Excerpted data:

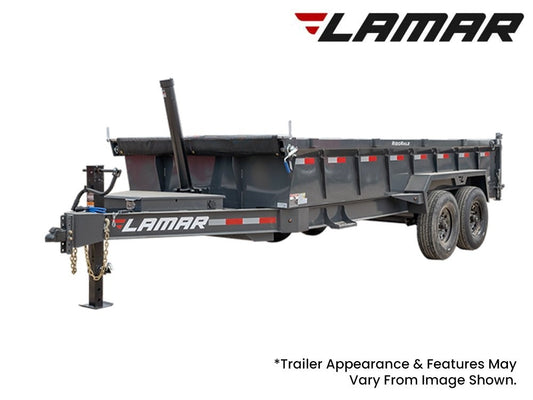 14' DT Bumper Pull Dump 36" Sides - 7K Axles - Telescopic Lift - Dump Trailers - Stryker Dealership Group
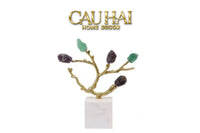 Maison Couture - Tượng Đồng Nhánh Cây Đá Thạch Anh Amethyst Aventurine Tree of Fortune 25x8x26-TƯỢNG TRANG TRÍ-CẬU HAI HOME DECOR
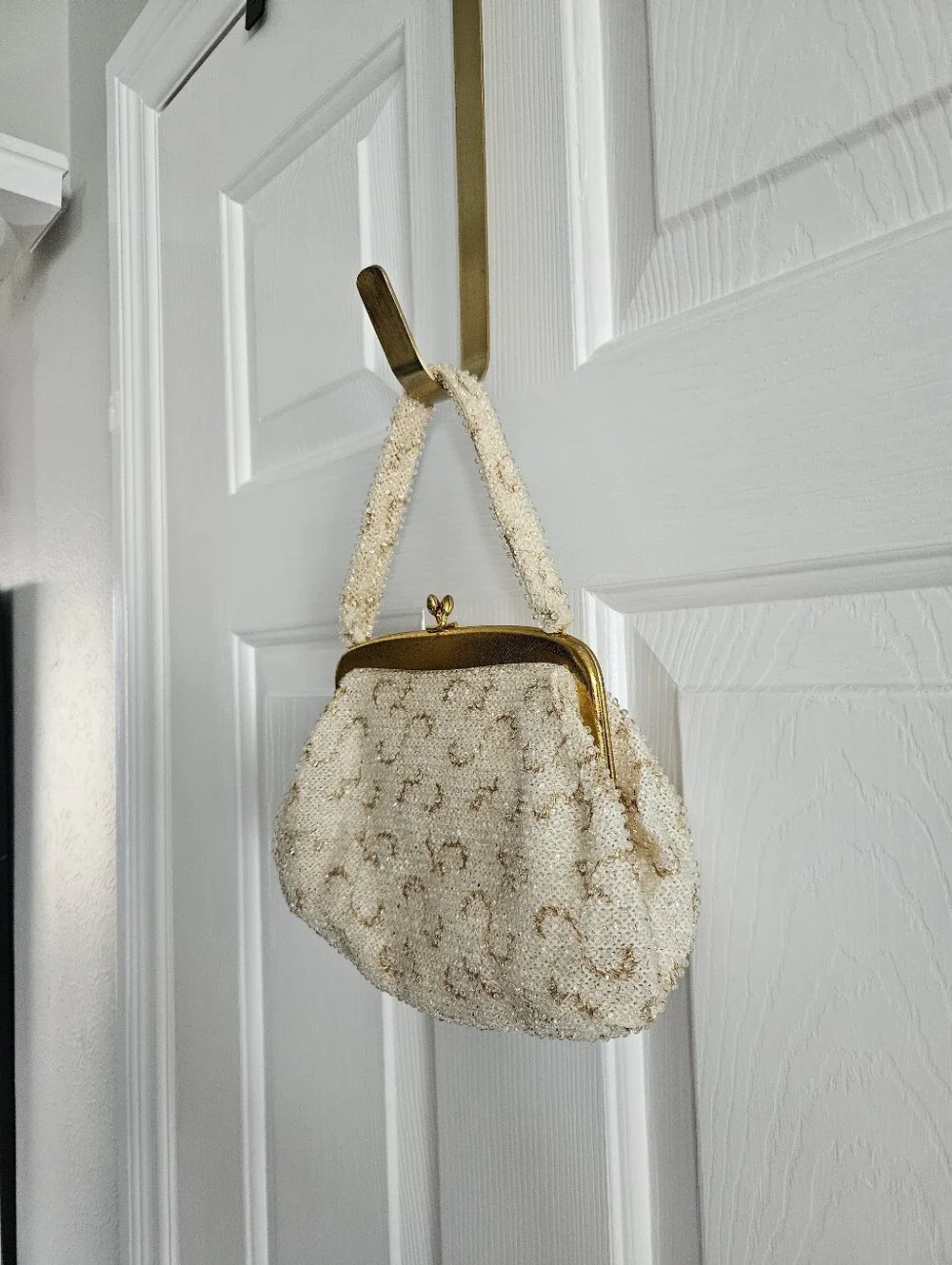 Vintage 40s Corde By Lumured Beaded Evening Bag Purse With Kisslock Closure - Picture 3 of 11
* * *
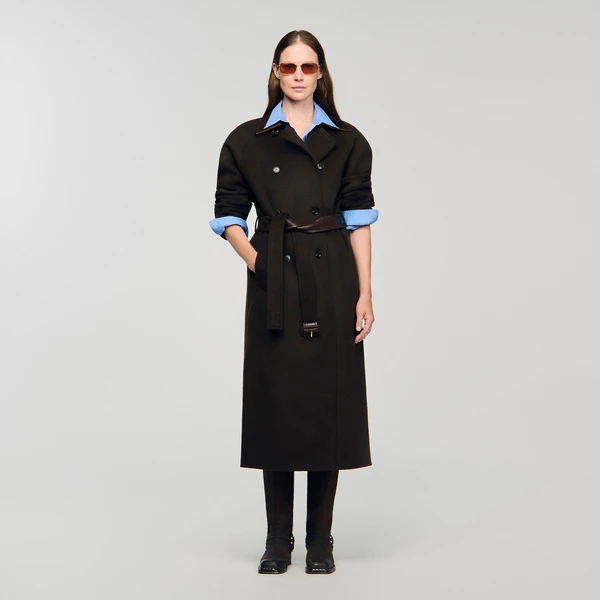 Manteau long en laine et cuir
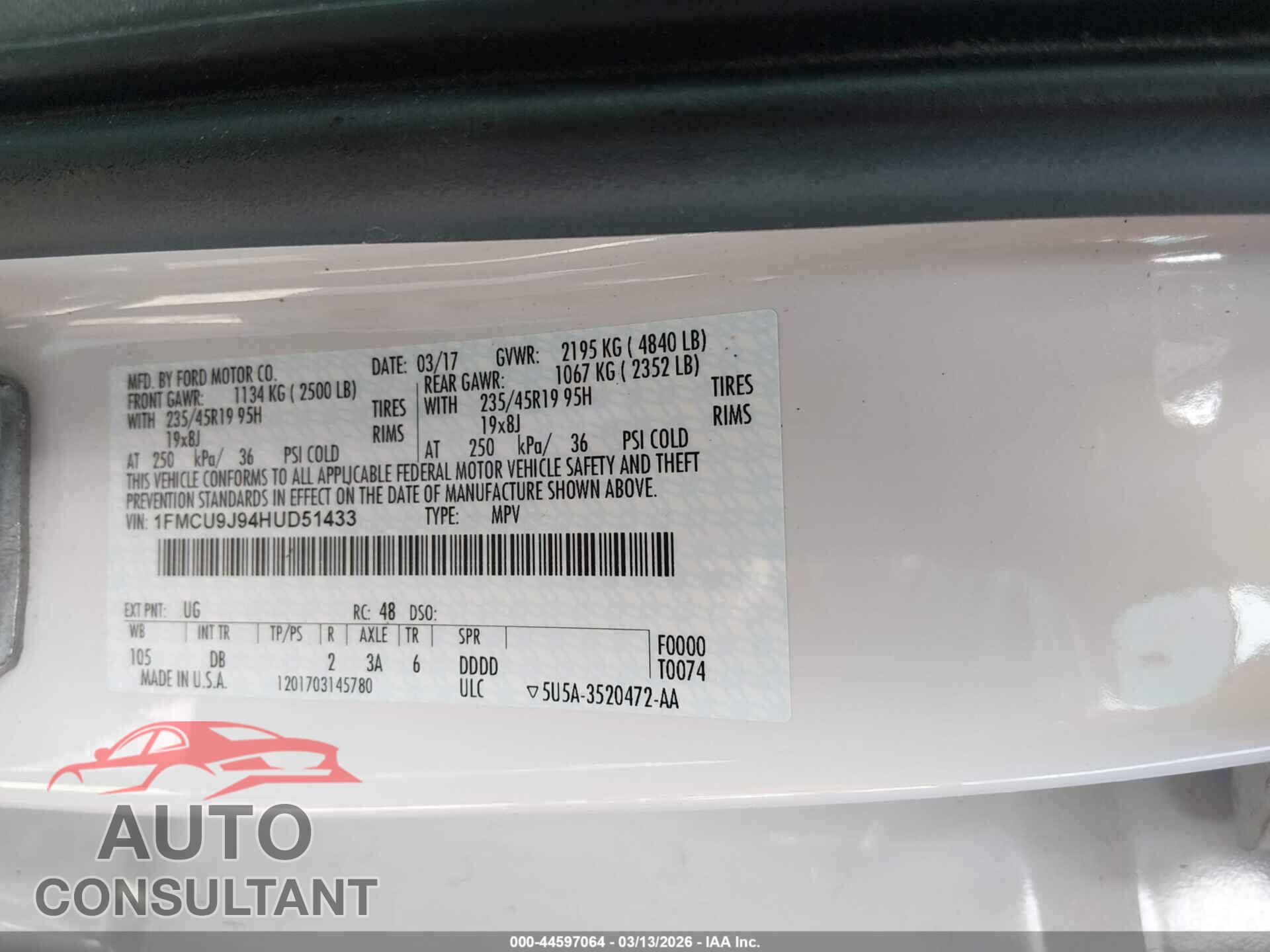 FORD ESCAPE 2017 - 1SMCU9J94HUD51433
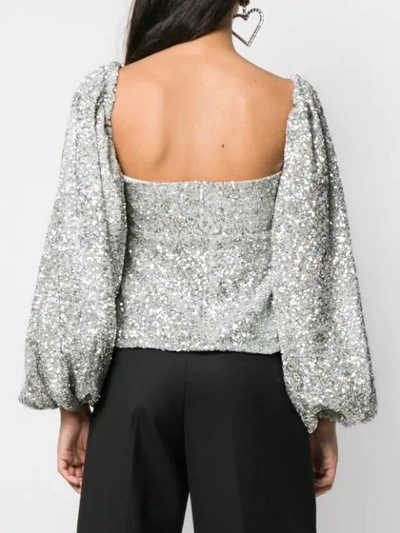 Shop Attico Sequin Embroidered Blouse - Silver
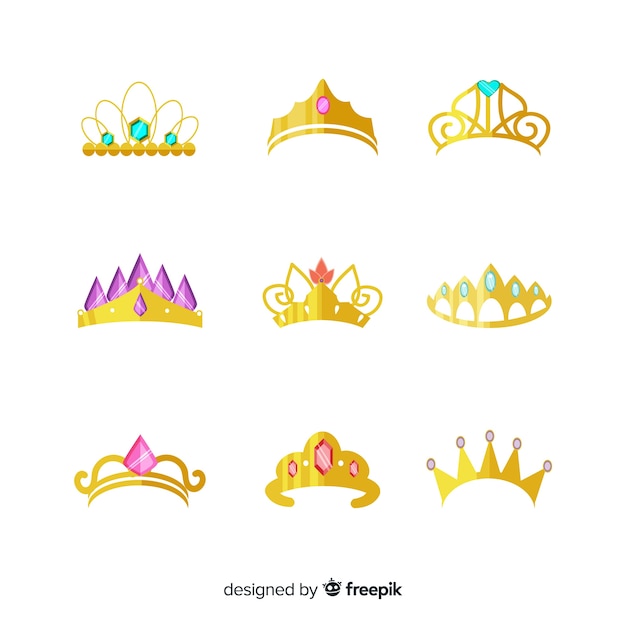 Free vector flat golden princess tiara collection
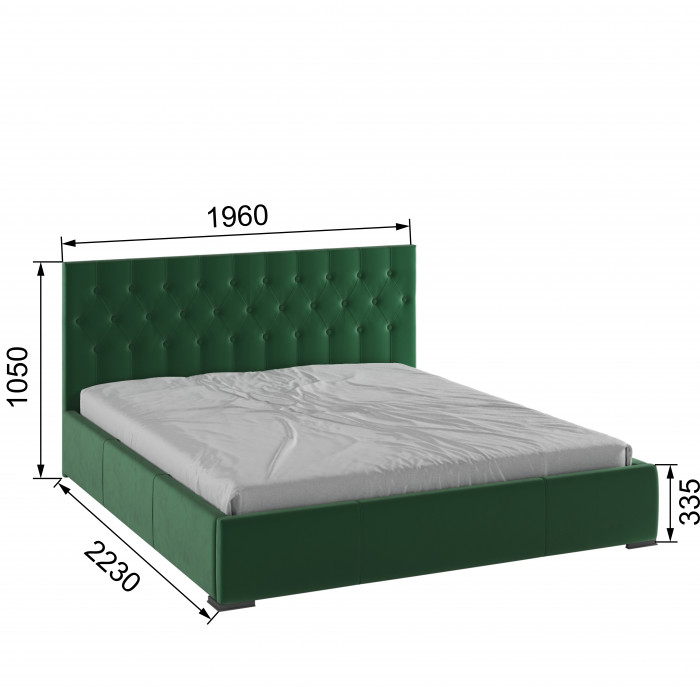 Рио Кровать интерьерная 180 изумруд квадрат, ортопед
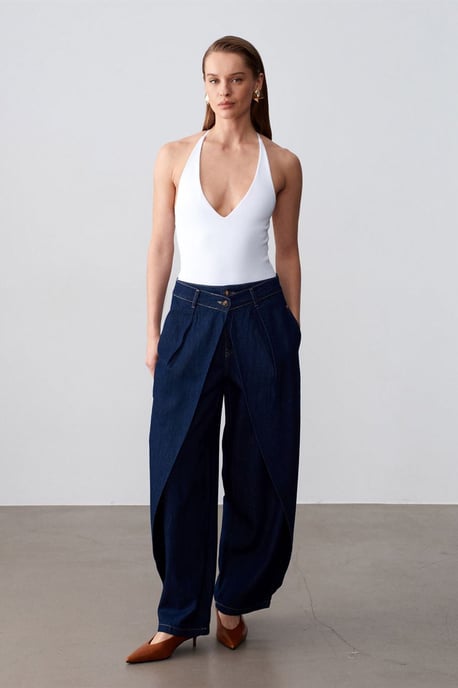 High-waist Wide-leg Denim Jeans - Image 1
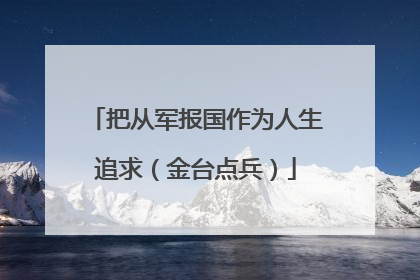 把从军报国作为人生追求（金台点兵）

Problem: Reproduce, word for word, only the lines in the records above from the line with "Shop Attico Sequin" through the line with "把从军报国作为人生追求（金台点兵）", including both ends; omit the pictures.

Result of the exercise:
 Shop Attico Sequin Embroidered Blouse - Silver
 Free vector flat golden princess tiara collection
 Рио Кровать интерьерная 180 изумруд квадрат, ортопед
 High-waist Wide-leg Denim Jeans - Image 1
 把从军报国作为人生追求（金台点兵）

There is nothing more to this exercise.